Todos queriam participar, mas não havia material. Parei tudo, coloquei a
maquete no meio da sala e fui relembrando as histórias de Monteiro Lobato. Só
assim conseguimos terminar o projeto.” Rosiane Perovano, EMEI Teresita Borrini
Farina, João Neiva, ES
- O QUE ACONTECEU? A classe foi
dividida em dois grupos, porém os objetivos de um não estavam relacionados à
atividade principal, para a qual havia mais dedicação da professora.
- O QUE FAZER? Para Zilma de
Oliveira, professora de pós-graduação da Faculdade de Educação da USP, uma vez
estabelecida a situação, impedir que parte da turma entre na atividade
significaria adotar uma postura autoritária e, novamente, excludente. “Nessas
horas, é preciso ter flexibilidade para acolher os que ficaram de fora e
rapidamente reorganizar a classe, como fez a professora.”
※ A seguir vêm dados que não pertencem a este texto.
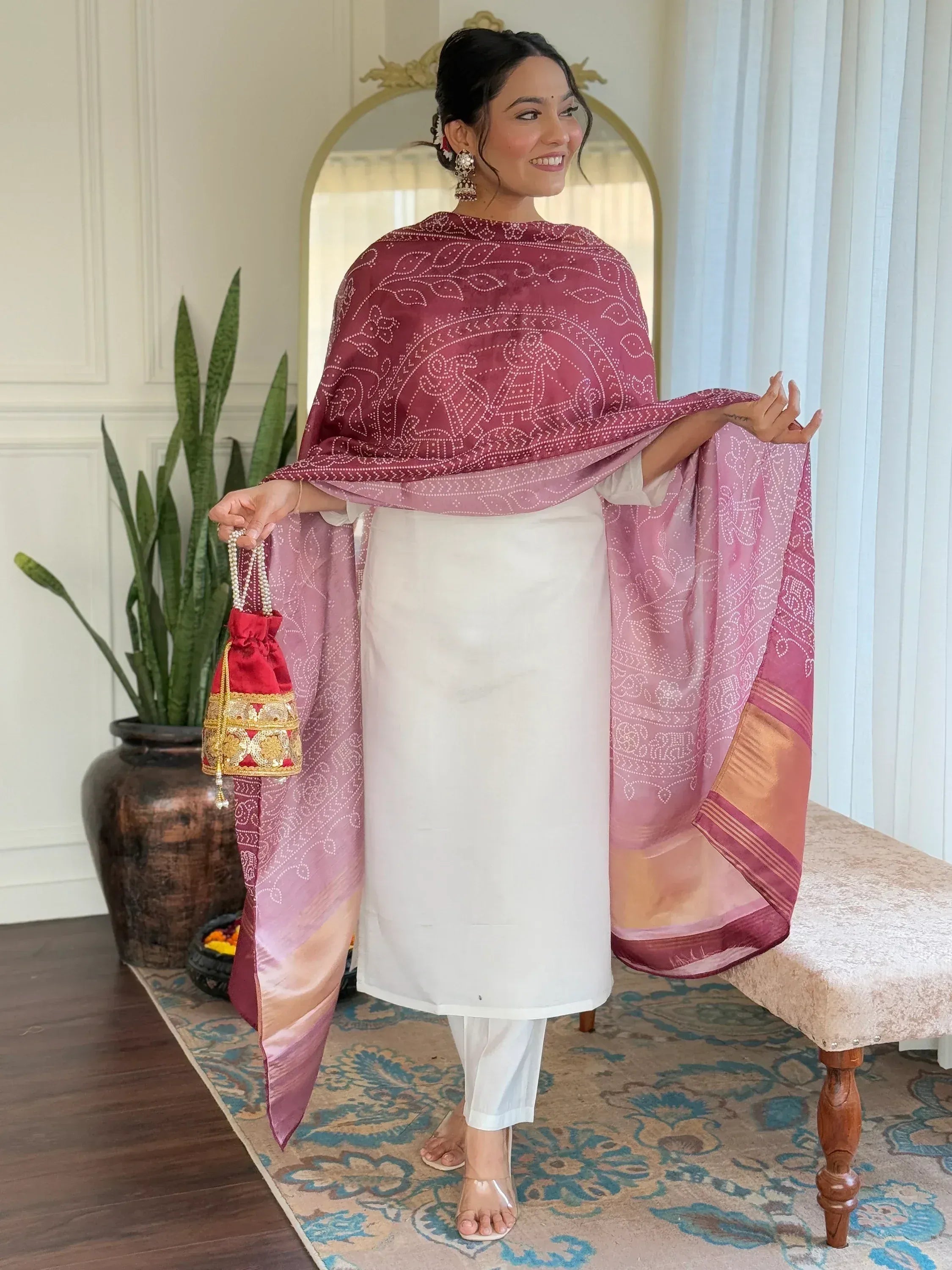Woman in white kurta with maroon bandhani dupatta, holding red potli bag, ethnic Indian wear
- COMO EVITAR? A situação relatada
poderia não ter ocorrido se tivessem sido adotados critérios didáticos durante
a organização da classe. A divisão das crianças em grupos para a realização de
diferentes tarefas não é um problema em si. Porém todas precisam estar
relacionadas ao mesmo objetivo. O psicólogo espanhol César Coll, professor da
Universidade de Barcelona, aponta que em atividades em grupos o professor
precisa ficar atento às condições de trabalho. Isso inclui cuidar da composição
das equipes e da distribuição de tarefas, dar as instruções iniciais, explicar
o que será feito, construir possibilidades de interações entre os grupos e,
principalmente, fazer com que todos participem do resultado final coletivo.
4
“Foi ele quem começou!”
Briga entre os pequenos
- OS FATOS “Quando eu trabalhava com
uma sala de 5 anos, costumava ter como primeira atividade do dia uma roda de
conversa. Às segundas-feiras, falávamos sobre o fim de semana. Naquele dia,
todos chegaram muito agitados e, nem bem iniciamos o bate-papo, duas crianças
começaram a se provocar. Achei que não ia dar em nada e continuei a ouvir os
outros. Mas a briga iniciou rapidamente e a turma se dividiu em duas torcidas.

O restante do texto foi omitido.